Часто за оформленными личностными образцами просматривается тенденция к намеренной идеализации. Так, идеалом простого римского гражданина, вставшего в критическую минуту во главе государства, эталоном личного достоинства, мужества, преданности Риму и общинной умеренности традиция представляла Л. Квинкция Цинцинната. По версии, представленной Ливием, он, владея всего 4 югерами земли, т. е. примерно 1 га, не воспользовался высоким положением диктатора, закончив в течение 16 дней битву с врагом, сложил диктаторские полномочия и возвратился на свое поле (Liv., III, 26, 8—29). Видимо, и образ Квинкция Цинцинната, и его история чрезвычайно соответствовали концепции mos maiorum, поскольку античная традиция пыталась его популяризовать. На самом деле он не был «простым римским гражданином». Род Квинкциев был одним из знатнейших патрицианских родов, восходивших еще ко времени Ромула, а сам герой был уже вторым консулом из своего рода и до диктатуры 458 г. занимал консульскую должность (460 г.).

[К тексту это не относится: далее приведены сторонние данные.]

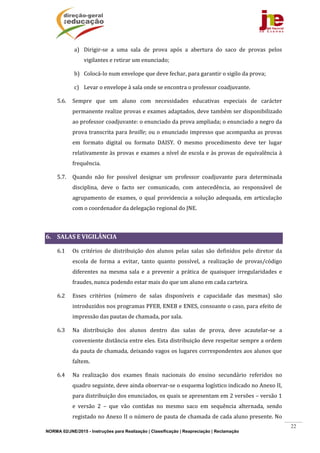 NORMA 02/JNE/2015 - Instruções para Realização | Classificação | Reapreciação | Reclamação
22
a) Dirigir‐se	 a	 uma	 sala	 de	 prova	 após	 a	 abertura	 do	 saco	 de	 provas	 pelos	
vigilantes	e	retirar	um	enunciado;	
b) Colocá‐lo	num	envelope	que	deve	fechar,	para	garantir	o	sigilo	da	prova;	
c) Levar	o	envelope	à	sala	onde	se	encontra	o	professor	coadjuvante.	
5.6. Sempre	 que	 um	 aluno	 com	 necessidades	 educativas	 especiais	 de	 carácter	
permanente	realize	provas	e	exames	adaptados,	deve	também	ser	disponibilizado	
ao	professor	coadjuvante:	o	enunciado	da	prova	ampliada;	o	enunciado	a	negro	da	
prova	transcrita	para	braille;	ou	o	enunciado	impresso	que	acompanha	as	provas	
em	 formato	 digital	 ou	 formato	 DAISY.	 O	 mesmo	 procedimento	 deve	 ter	 lugar	
relativamente	às	provas	e	exames	a	nível	de	escola	e	às	provas	de	equivalência	à	
frequência.	
5.7. Quando	 não	 for	 possível	 designar	 um	 professor	 coadjuvante	 para	 determinada	
disciplina,	 deve	 o	 facto	 ser	 comunicado,	 com	 antecedência,	 ao	 responsável	 de	
agrupamento	de	exames,	o	qual	providencia	a	solução	adequada,	em	articulação	
com	o	coordenador	da	delegação	regional	do	JNE.	
	
6. SALAS	E	VIGILÂNCIA	
6.1 Os	 critérios	 de	 distribuição	 dos	 alunos	 pelas	 salas	 são	 definidos	 pelo	 diretor	 da	
escola	 de	 forma	 a	 evitar,	 tanto	 quanto	 possível,	 a	 realização	 de	 provas/código	
diferentes	 na	 mesma	 sala	 e	 a	 prevenir	 a	 prática	 de	 quaisquer	 irregularidades	 e	
fraudes,	nunca	podendo	estar	mais	do	que	um	aluno	em	cada	carteira.	
6.2 Esses	 critérios	 (número	 de	 salas	 disponíveis	 e	 capacidade	 das	 mesmas)	 são	
introduzidos	nos	programas	PFEB,	ENEB	e	ENES,	consoante	o	caso,	para	efeito	de	
impressão	das	pautas	de	chamada,	por	sala.	
6.3 Na	 distribuição	 dos	 alunos	 dentro	 das	 salas	 de	 prova,	 deve	 acautelar‐se	 a	
conveniente	distância	entre	eles.	Esta	distribuição	deve	respeitar	sempre	a	ordem	
da	pauta	de	chamada,	deixando	vagos	os	lugares	correspondentes	aos	alunos	que	
faltem.		
6.4 Na	 realização	 dos	 exames	 finais	 nacionais	 do	 ensino	 secundário	 referidos	 no	
quadro	seguinte,	deve	ainda	observar‐se	o	esquema	logístico	indicado	no	Anexo	II,	
para	distribuição	dos	enunciados,	os	quais	se	apresentam	em	2	versões	–	versão	1	
e	 versão	 2	 –	 que	 vão	 contidas	 no	 mesmo	 saco	 em	 sequência	 alternada,	 sendo	
registado	no	Anexo	II	o	número	de	pauta	de	chamada	de	cada	aluno	presente.	No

Воплощенной концентрацией римского характера был Марк Порций Катон Старший (Plut. Cato Maior, 2; 8). Однако анализ его жизни и политической деятельности позволяет говорить о том, что в публицистике, римской историографии и общественном мнении выступает искусственно созданный идеальный образ. Нравственная высота Катона превозносилась и современниками, и античными историками (Plut. Cato Maior, 19). Ему приписывали множество афоризмов по поводу морально-этического и государственно-политического состояния Республики, среди которых был, например, такой: «Если вы (римляне) достигли величия доблестью и умеренностью, не меняйтесь к худшему; если же невоздержанностью и пороком, изменитесь к лучшему» (Plut. Reg. et imper. apophth., 198 D—199 E; ср.: Plut. Cato Maior, 8). Выступая носителем традиционных республиканских ценностей и борцом за добрые старые нравы, на деле он был антиподом ортодоксальных ревнителей mos maiorum. Его идейный консерватизм сочетался с практическим «футуризмом». Считая, что основным источником материального состояния должно быть сельское хозяйство, он не настаивал на традиционном принципе умеренности труда и скромном уровне доходов. Катон был не столько скромным землевладельцем старого типа, сколько деловым человеком и новатором, провозгласившим новые принципы организации хозяйства, постепенно и повсеместно утвердившиеся, главный из которых — обогащение; ради прибыли был готов на мало престижные операции: #c_219.[22 — В исторической литературе можно встретить довольно резкую оценку Катона как беспринципного человека и лицемера, см.: Сергеенко М. Е. Записки о Катоне // ВДИ. 1976. № 3. С. 157.] Отстаивая приоритет государственных интересов над семейными и личными, он тем не менее не отодвигал заботы о доме на второй план (Plut. Cato. Maior, 20), а стремясь к удовлетворению личных целей, азартно преследовал своих врагов, допускал сомнительные с точки зрения традиционной морали поступки (неблаговидное поведение в суде), мог изменить общинным нравственно-этическим нормам поведения (Liv., XXXVII, 57—58; Plut. Cato Maior, 19; 21; 24): #c_220. Ю. Г. Чернышов высказал несколько резкое, но довольно точное замечание, о том, что образ Катона Старшего имеет литературно-художественный отпечаток и заслоняет историческую действительность: #c_221. Мы же считаем возможным дополнить этот общий вывод: в античной традиции это было сделано намеренно, с целью создания образца, связанного с традиционной общинной моралью.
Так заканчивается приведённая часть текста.